_Aim of the exercise:_
Restate all of the entries exactly, each line as it stands.
------------------------------------------------------------
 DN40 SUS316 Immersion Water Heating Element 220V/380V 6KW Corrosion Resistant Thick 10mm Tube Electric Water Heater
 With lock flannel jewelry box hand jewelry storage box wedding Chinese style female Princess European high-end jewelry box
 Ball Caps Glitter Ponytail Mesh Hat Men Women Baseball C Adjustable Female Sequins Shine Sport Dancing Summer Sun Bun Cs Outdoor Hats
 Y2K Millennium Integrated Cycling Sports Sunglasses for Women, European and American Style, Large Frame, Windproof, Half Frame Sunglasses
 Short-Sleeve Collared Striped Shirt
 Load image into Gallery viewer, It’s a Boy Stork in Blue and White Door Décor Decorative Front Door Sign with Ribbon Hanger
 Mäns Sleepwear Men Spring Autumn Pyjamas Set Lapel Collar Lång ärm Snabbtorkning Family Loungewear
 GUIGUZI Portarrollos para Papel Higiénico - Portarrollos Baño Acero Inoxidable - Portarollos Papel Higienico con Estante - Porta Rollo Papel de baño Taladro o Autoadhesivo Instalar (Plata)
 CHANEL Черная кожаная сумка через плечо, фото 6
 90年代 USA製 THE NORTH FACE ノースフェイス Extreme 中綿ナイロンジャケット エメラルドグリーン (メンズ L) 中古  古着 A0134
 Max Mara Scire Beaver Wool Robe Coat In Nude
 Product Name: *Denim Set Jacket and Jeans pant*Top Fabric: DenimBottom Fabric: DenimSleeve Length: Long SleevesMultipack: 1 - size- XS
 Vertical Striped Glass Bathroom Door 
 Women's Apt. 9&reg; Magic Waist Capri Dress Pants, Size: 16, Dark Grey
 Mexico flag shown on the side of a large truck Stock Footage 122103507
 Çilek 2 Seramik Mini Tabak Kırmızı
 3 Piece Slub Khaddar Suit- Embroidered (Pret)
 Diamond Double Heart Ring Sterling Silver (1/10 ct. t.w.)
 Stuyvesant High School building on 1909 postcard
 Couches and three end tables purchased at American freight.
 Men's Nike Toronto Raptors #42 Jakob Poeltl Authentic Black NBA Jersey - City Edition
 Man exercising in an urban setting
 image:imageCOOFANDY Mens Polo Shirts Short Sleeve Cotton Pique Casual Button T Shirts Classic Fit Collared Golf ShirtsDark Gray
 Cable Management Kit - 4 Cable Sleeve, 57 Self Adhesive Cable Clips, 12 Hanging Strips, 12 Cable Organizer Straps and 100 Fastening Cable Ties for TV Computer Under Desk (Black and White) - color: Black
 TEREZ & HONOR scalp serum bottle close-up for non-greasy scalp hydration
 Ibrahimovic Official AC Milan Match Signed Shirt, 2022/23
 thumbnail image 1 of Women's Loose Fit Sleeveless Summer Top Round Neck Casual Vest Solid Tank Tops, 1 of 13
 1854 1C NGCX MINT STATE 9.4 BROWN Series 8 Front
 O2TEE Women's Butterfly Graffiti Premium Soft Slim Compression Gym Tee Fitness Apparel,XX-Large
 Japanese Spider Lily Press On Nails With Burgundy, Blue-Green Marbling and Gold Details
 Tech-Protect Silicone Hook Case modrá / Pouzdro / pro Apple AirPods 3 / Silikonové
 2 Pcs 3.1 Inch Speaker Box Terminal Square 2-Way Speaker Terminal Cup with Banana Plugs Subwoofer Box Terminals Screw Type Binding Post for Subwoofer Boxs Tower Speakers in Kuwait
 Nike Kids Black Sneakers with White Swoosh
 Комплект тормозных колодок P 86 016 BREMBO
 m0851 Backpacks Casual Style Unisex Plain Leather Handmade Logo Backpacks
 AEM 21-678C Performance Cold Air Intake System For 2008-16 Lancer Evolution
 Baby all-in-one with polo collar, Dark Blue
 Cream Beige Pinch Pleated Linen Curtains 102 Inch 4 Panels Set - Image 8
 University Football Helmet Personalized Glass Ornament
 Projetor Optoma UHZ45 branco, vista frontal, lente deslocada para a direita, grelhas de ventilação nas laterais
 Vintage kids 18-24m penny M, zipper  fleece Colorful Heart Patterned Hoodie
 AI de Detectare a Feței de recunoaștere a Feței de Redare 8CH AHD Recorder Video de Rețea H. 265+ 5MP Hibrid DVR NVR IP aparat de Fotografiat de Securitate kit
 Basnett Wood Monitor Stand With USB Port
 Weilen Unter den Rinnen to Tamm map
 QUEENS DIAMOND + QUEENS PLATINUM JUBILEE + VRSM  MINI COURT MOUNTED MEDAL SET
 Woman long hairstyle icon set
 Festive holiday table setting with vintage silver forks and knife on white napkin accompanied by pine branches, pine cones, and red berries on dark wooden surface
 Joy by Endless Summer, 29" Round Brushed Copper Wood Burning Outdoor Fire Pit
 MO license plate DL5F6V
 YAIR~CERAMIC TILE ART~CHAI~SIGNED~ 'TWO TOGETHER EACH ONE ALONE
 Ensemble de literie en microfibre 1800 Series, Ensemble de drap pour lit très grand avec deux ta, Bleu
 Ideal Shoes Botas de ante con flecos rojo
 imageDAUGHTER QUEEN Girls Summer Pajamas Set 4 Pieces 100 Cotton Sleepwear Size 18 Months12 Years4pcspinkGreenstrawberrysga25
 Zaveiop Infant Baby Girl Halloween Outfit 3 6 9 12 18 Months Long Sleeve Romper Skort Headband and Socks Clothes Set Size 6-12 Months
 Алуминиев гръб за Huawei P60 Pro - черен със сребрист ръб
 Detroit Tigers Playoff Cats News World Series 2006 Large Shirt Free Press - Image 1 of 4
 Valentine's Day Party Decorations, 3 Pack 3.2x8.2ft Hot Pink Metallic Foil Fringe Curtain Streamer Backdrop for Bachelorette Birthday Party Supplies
------------------------------------------------------------
_Expected answer:_
 DN40 SUS316 Immersion Water Heating Element 220V/380V 6KW Corrosion Resistant Thick 10mm Tube Electric Water Heater
 With lock flannel jewelry box hand jewelry storage box wedding Chinese style female Princess European high-end jewelry box
 Ball Caps Glitter Ponytail Mesh Hat Men Women Baseball C Adjustable Female Sequins Shine Sport Dancing Summer Sun Bun Cs Outdoor Hats
 Y2K Millennium Integrated Cycling Sports Sunglasses for Women, European and American Style, Large Frame, Windproof, Half Frame Sunglasses
 Short-Sleeve Collared Striped Shirt
 Load image into Gallery viewer, It’s a Boy Stork in Blue and White Door Décor Decorative Front Door Sign with Ribbon Hanger
 Mäns Sleepwear Men Spring Autumn Pyjamas Set Lapel Collar Lång ärm Snabbtorkning Family Loungewear
 GUIGUZI Portarrollos para Papel Higiénico - Portarrollos Baño Acero Inoxidable - Portarollos Papel Higienico con Estante - Porta Rollo Papel de baño Taladro o Autoadhesivo Instalar (Plata)
 CHANEL Черная кожаная сумка через плечо, фото 6
 90年代 USA製 THE NORTH FACE ノースフェイス Extreme 中綿ナイロンジャケット エメラルドグリーン (メンズ L) 中古  古着 A0134
 Max Mara Scire Beaver Wool Robe Coat In Nude
 Product Name: *Denim Set Jacket and Jeans pant*Top Fabric: DenimBottom Fabric: DenimSleeve Length: Long SleevesMultipack: 1 - size- XS
 Vertical Striped Glass Bathroom Door 
 Women's Apt. 9&reg; Magic Waist Capri Dress Pants, Size: 16, Dark Grey
 Mexico flag shown on the side of a large truck Stock Footage 122103507
 Çilek 2 Seramik Mini Tabak Kırmızı
 3 Piece Slub Khaddar Suit- Embroidered (Pret)
 Diamond Double Heart Ring Sterling Silver (1/10 ct. t.w.)
 Stuyvesant High School building on 1909 postcard
 Couches and three end tables purchased at American freight.
 Men's Nike Toronto Raptors #42 Jakob Poeltl Authentic Black NBA Jersey - City Edition
 Man exercising in an urban setting
 image:imageCOOFANDY Mens Polo Shirts Short Sleeve Cotton Pique Casual Button T Shirts Classic Fit Collared Golf ShirtsDark Gray
 Cable Management Kit - 4 Cable Sleeve, 57 Self Adhesive Cable Clips, 12 Hanging Strips, 12 Cable Organizer Straps and 100 Fastening Cable Ties for TV Computer Under Desk (Black and White) - color: Black
 TEREZ & HONOR scalp serum bottle close-up for non-greasy scalp hydration
 Ibrahimovic Official AC Milan Match Signed Shirt, 2022/23
 thumbnail image 1 of Women's Loose Fit Sleeveless Summer Top Round Neck Casual Vest Solid Tank Tops, 1 of 13
 1854 1C NGCX MINT STATE 9.4 BROWN Series 8 Front
 O2TEE Women's Butterfly Graffiti Premium Soft Slim Compression Gym Tee Fitness Apparel,XX-Large
 Japanese Spider Lily Press On Nails With Burgundy, Blue-Green Marbling and Gold Details
 Tech-Protect Silicone Hook Case modrá / Pouzdro / pro Apple AirPods 3 / Silikonové
 2 Pcs 3.1 Inch Speaker Box Terminal Square 2-Way Speaker Terminal Cup with Banana Plugs Subwoofer Box Terminals Screw Type Binding Post for Subwoofer Boxs Tower Speakers in Kuwait
 Nike Kids Black Sneakers with White Swoosh
 Комплект тормозных колодок P 86 016 BREMBO
 m0851 Backpacks Casual Style Unisex Plain Leather Handmade Logo Backpacks
 AEM 21-678C Performance Cold Air Intake System For 2008-16 Lancer Evolution
 Baby all-in-one with polo collar, Dark Blue
 Cream Beige Pinch Pleated Linen Curtains 102 Inch 4 Panels Set - Image 8
 University Football Helmet Personalized Glass Ornament
 Projetor Optoma UHZ45 branco, vista frontal, lente deslocada para a direita, grelhas de ventilação nas laterais
 Vintage kids 18-24m penny M, zipper  fleece Colorful Heart Patterned Hoodie
 AI de Detectare a Feței de recunoaștere a Feței de Redare 8CH AHD Recorder Video de Rețea H. 265+ 5MP Hibrid DVR NVR IP aparat de Fotografiat de Securitate kit
 Basnett Wood Monitor Stand With USB Port
 Weilen Unter den Rinnen to Tamm map
 QUEENS DIAMOND + QUEENS PLATINUM JUBILEE + VRSM  MINI COURT MOUNTED MEDAL SET
 Woman long hairstyle icon set
 Festive holiday table setting with vintage silver forks and knife on white napkin accompanied by pine branches, pine cones, and red berries on dark wooden surface
 Joy by Endless Summer, 29" Round Brushed Copper Wood Burning Outdoor Fire Pit
 MO license plate DL5F6V
 YAIR~CERAMIC TILE ART~CHAI~SIGNED~ 'TWO TOGETHER EACH ONE ALONE
 Ensemble de literie en microfibre 1800 Series, Ensemble de drap pour lit très grand avec deux ta, Bleu
 Ideal Shoes Botas de ante con flecos rojo
 imageDAUGHTER QUEEN Girls Summer Pajamas Set 4 Pieces 100 Cotton Sleepwear Size 18 Months12 Years4pcspinkGreenstrawberrysga25
 Zaveiop Infant Baby Girl Halloween Outfit 3 6 9 12 18 Months Long Sleeve Romper Skort Headband and Socks Clothes Set Size 6-12 Months
 Алуминиев гръб за Huawei P60 Pro - черен със сребрист ръб
 Detroit Tigers Playoff Cats News World Series 2006 Large Shirt Free Press - Image 1 of 4
 Valentine's Day Party Decorations, 3 Pack 3.2x8.2ft Hot Pink Metallic Foil Fringe Curtain Streamer Backdrop for Bachelorette Birthday Party Supplies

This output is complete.